What is Enlightenment?: Mindfulness in the Moment of Stress

Daniel Anderson

Advisor: Denise Albanese, PhD, Department of English

Committee Members: Hugh Gusterson, David Kaufmann

Enterprise Hall, #318
April 26, 2016, 11:30 AM to 08:30 AM

Abstract:

Mindfulness is a meditation technique that involves attending to the present moment, without reference to past or future, and without judgment. In the “radical acceptance” of the present it prescribes, mindfulness is a practice concerning one’s relation to time that is promoted as a health boon in times of turmoil and tension appropriate for those short on time. A self-help practice legitimized by appeal to Buddhist cultural references and public figures, mindfulness promises do-it-yourself stress relief, performance enhancement, and happiness to the belabored North American petit bourgeois enduring increasingly stressful and diminished working and living arrangements. While scholars have investigated mindfulness as a religious phenomenon, few studies have considered its generalization and use in everyday life as a cultural formation in the context of its historical milieu. The generalization of mindfulness coincides with that of stress as a pathology, and the production of a pressured, volatile, and competitive social environment by the economic liberalizations of the 1980s to the present. This dissertation offers a discursive history of mindfulness as an artifact of this historical juncture, and probes the social problems and possibilities that are encoded in its applications for spiritual growth and professional development.
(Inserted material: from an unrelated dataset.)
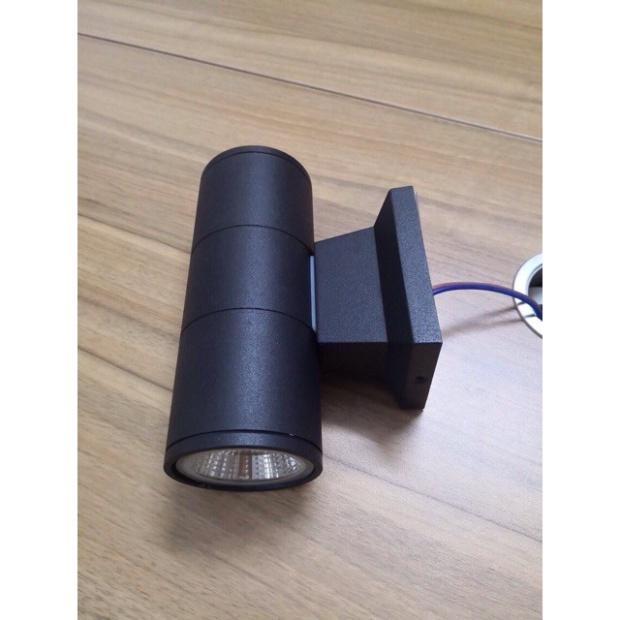 Đèn tường ngoài thiên nhiên kèm bóng đèn, đèn rọi 2 đầu, đèn rọi điểm, đèn LED chiếu sáng trang trí, đèn gắn tường, đèn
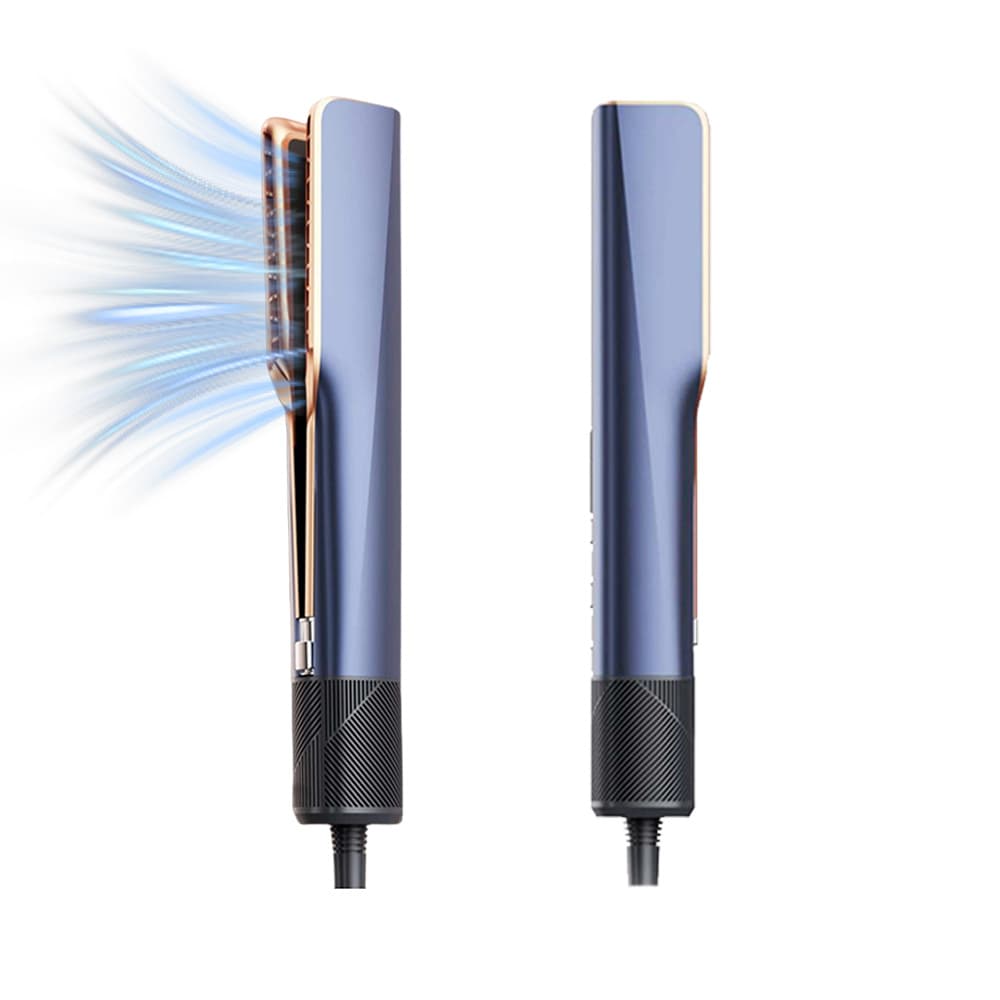 2025 Cross-border Hair Dryer Straightener Flat Iron Negative Ion Hair Care Cross-border Hair Dryer Source Factory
Here, mindfulness comes into focus as a paradoxical formation: As stress management and as a disciplined elision of history in the present, mindfulness reproduces and retrenches the class relations that generate the stress of this juncture, even as the appeal of mindfulness is grounded in an Enlightenment ethos of freedom by practiced self-knowledge and the explicit anti-capitalist sentiment and desirable social alternatives to the present figured in the Buddhist sources it appropriates, frustrating its realization by generalizing its own opposite.